Je suis troublé, touché, tendu et je redoute la maladresse d’un geste trop empressé ou d’un regard déplacé. Il y a sous la peau tout ce désir qui palpite, le battement sourd d’une pulsion qui fait affluer le sang et répand dans mon corps le goût de la passion et des mots suaves ; une main posé sur ton épaule et le désir indécis de pousser la caresse sur ta nuque ou de se perdre le long de ton bras parcourant du bout des doigts la course folle d’un frisson. Une goutte de Porto au coin des lèvres sera un prétexte à un baiser, poser ma bouche brûlante sur la tienne et déguster ce doux parfum de femme et d’alcool mêlé. Et si la goutte devait se trouver à la naissance de ton décolleté je me pencherai pour regarder les reflets du feu de cheminée avant de déposer sur ta peau un baiser langoureux. Presser mes mains sur ta nuque, défaire le haut de ta robe pour mieux pouvoir masser tes muscles, les dénouer, les délasser, te détendre, plus qu’une caresse c’est un geste profond que je gorge de mon désir pour irradier ton corps et dénouer la douleur.

 

Ne plus parler qu’avec les mains, tout au plus avec un souffle, un gémissement, un alanguissement de caresse sur ton corps à apprivoiser.
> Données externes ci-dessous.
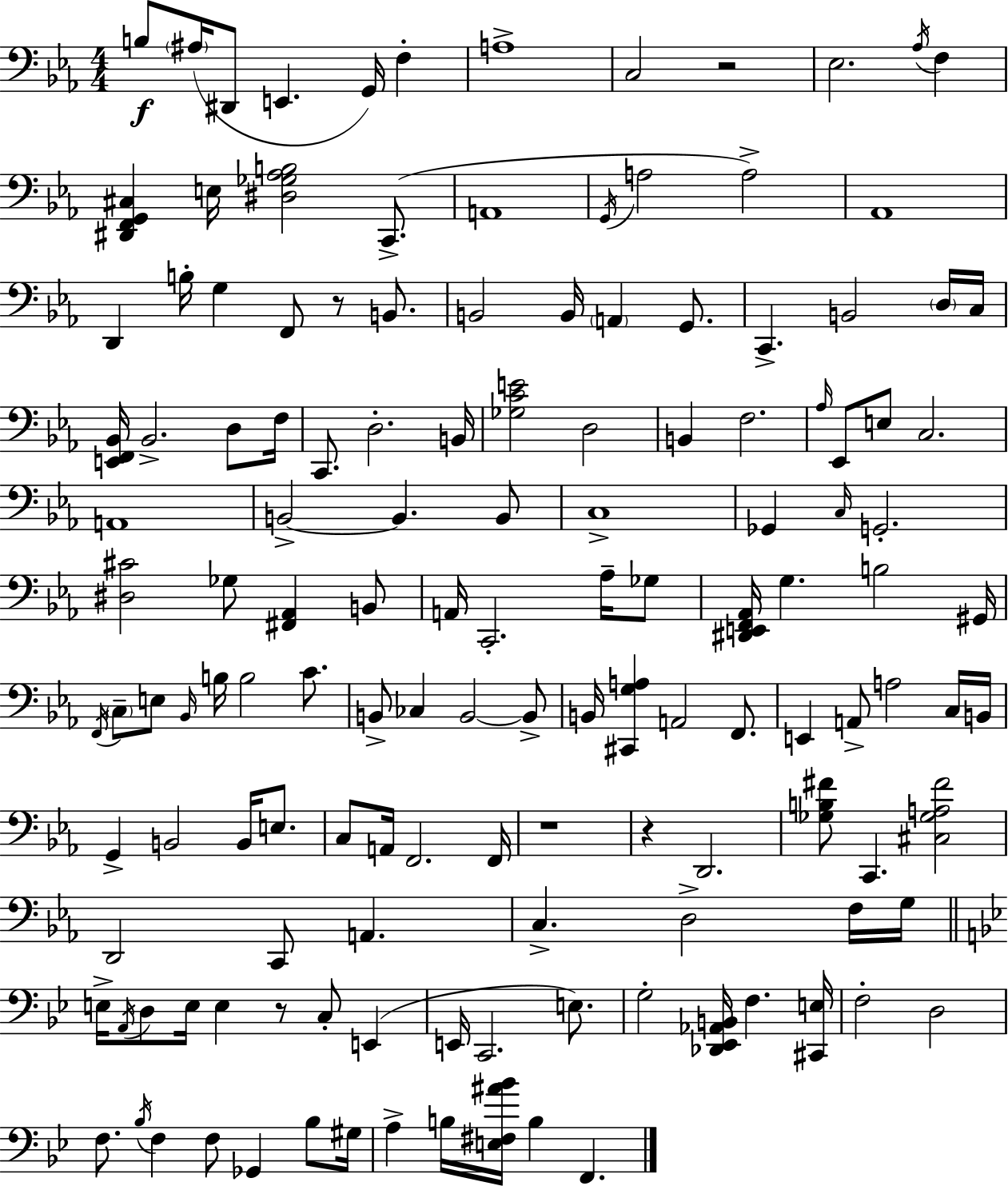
B3/e A#3/s D#2/e E2/q. G2/s F3/q A3/w C3/h R/h Eb3/h. Ab3/s F3/q [D#2,F2,G2,C#3]/q E3/s [D#3,Gb3,Ab3,B3]/h C2/e. A2/w G2/s A3/h A3/h Ab2/w D2/q B3/s G3/q F2/e R/e B2/e. B2/h B2/s A2/q G2/e. C2/q. B2/h D3/s C3/s [E2,F2,Bb2]/s Bb2/h. D3/e F3/s C2/e. D3/h. B2/s [Gb3,C4,E4]/h D3/h B2/q F3/h. Ab3/s Eb2/e E3/e C3/h. A2/w B2/h B2/q. B2/e C3/w Gb2/q C3/s G2/h. [D#3,C#4]/h Gb3/e [F#2,Ab2]/q B2/e A2/s C2/h. Ab3/s Gb3/e [D#2,E2,F2,Ab2]/s G3/q. B3/h G#2/s F2/s C3/e E3/e Bb2/s B3/s B3/h C4/e. B2/e CES3/q B2/h B2/e B2/s [C#2,G3,A3]/q A2/h F2/e. E2/q A2/e A3/h C3/s B2/s G2/q B2/h B2/s E3/e. C3/e A2/s F2/h. F2/s R/w R/q D2/h. [Gb3,B3,F#4]/e C2/q. [C#3,Gb3,A3,F#4]/h D2/h C2/e A2/q. C3/q. D3/h F3/s G3/s E3/s A2/s D3/e E3/s E3/q R/e C3/e E2/q E2/s C2/h. E3/e. G3/h [Db2,Eb2,Ab2,B2]/s F3/q. [C#2,E3]/s F3/h D3/h F3/e. Bb3/s F3/q F3/e Gb2/q Bb3/e G#3/s A3/q B3/s [E3,F#3,A#4,Bb4]/s B3/q F2/q.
Dénouer tes cheveux et embrasser la nuque que tu m’offre avec mes lèvres humides, lécher ta peau en me délectant de son gout secret puis te souffler à l’oreille tout le désir que tu m’inspire. Amplifier la pression de mes doigts sur tes muscles pour masser en profondeur et te toucher au cœur, au corps, chercher sous la cendre les braises dormante et raviver le feu en soufflant sur la braise, pour rallumer le brassier pour que ton corps palpite. Tu sens derrière toi la présence ferme de l’appétit charnel  qui me fait tourner la tête.

 

J’ai le torse nu et brulant, plaqué dans ton dos je veux que tu me dises que ton sexe est humide. Je te sens resserrer les cuisses, je sais que tu essaie vainement de retenir ce torrent bouillonnant qui gronde dans ton bas ventre. Alors je fais tomber ta robe et à travers le tissu de tes dessous qui nous sépare j’effleure tes seins.

 

Tu pointes, ça t’excite donc.

 

J’ai baissé la lumière il reste dans la pièce le feu, toi et  moi. Je suis à l’œuvre derrière toi et la douceur de mes intentions n’exclue pas l’assurance dans mes gestes, une force à la limite de la fermeté qui s’empare de ton épaule, mon bras t’enlace et te plaque contre moi pour que ton dos épouse toutes les formes de mon torse nu. Sens-tu cette chaleur entre nous se répandre. Tes fesses se frottent sur mon sexe et me bouleversent. Je sens bien ces mouvements que tu fais avec ton cul, tu roule des fesses comme une pute qui cherche à m’allumer, ça marche, je bande dur. Je me colle encore plus contre toi, ma main caresse ta gorge et remonte jusqu’à effleurer tes lèvres pour t’inviter à tourner la tête vers moi. Le sang bat dans mes tempes à l’idée de pouvoir t’embrasser ; c’est la première fois que je vais goûter à ta bouche. Ta salive est tiède, ta langue timide mais j’engouffre la mienne avec vigueur pour te remplir la bouche. Baver un peu, lécher tes lèvres et ton menton, embrasser la commissure de tes lèvres et plonger encore ma langue vers ton dedans.

 

Mon bassin s’agite d’avant en arrière pour répondre au cul que tu trémousse contre moi. J’attrape tes seins, saisir ta poitrine et chercher si tes tétons sont érigés durs comme mon sexe est enflé entre mes jambes. J’aime tes petits seins, ils tiennent dans ma main, j’aime ta poitrine que je peux malaxer toute entière sans avoir la sensation de ne pas lui rendre entièrement hommage. Posées fermement sur tes seins mes mains s’appliquent à  les masser, la paume chaude sur tes chaires souples pour te transmettre la passion érotique qui brule en moi.

 

Relâcher l’étreinte pour te caresser un peu plus, faire glisser mes doigts  tel un effleurement qui se descend le long de toi et qui se pose sur tes hanches avant de caresser ton ventre. Tu t’abandonne à mes mains mais je sens que tu garde les cuisses serrées comme verrouillées mais tu me laisse aventurer la main à la rencontre du tissu qui me sépare de ton intimité. Une pression délicate là où tes cuisses se referment et du majeur j’appuie entre tes lèvres intimes. Elles inondent de mouilles tes pétales qui s’entrouvrent là en faut de tes cuisses.

 

Tu te refuse comme une pucelle à me laisser franchir les portes de ton vagin mais je ne vais pas arrêter de te caresser tellement tu mouille. Je vais tout faire pour apprivoiser ou déchainer l’érotique pulsion qui couve dans tes chaires. Caresser encore et toujours la source farouche qui petit à petit imprègne ta culotte du fluide bouillant qui transpire ton désir. Une main entre tes cuisses et l’autre sur ta poitrine. Te faire succomber.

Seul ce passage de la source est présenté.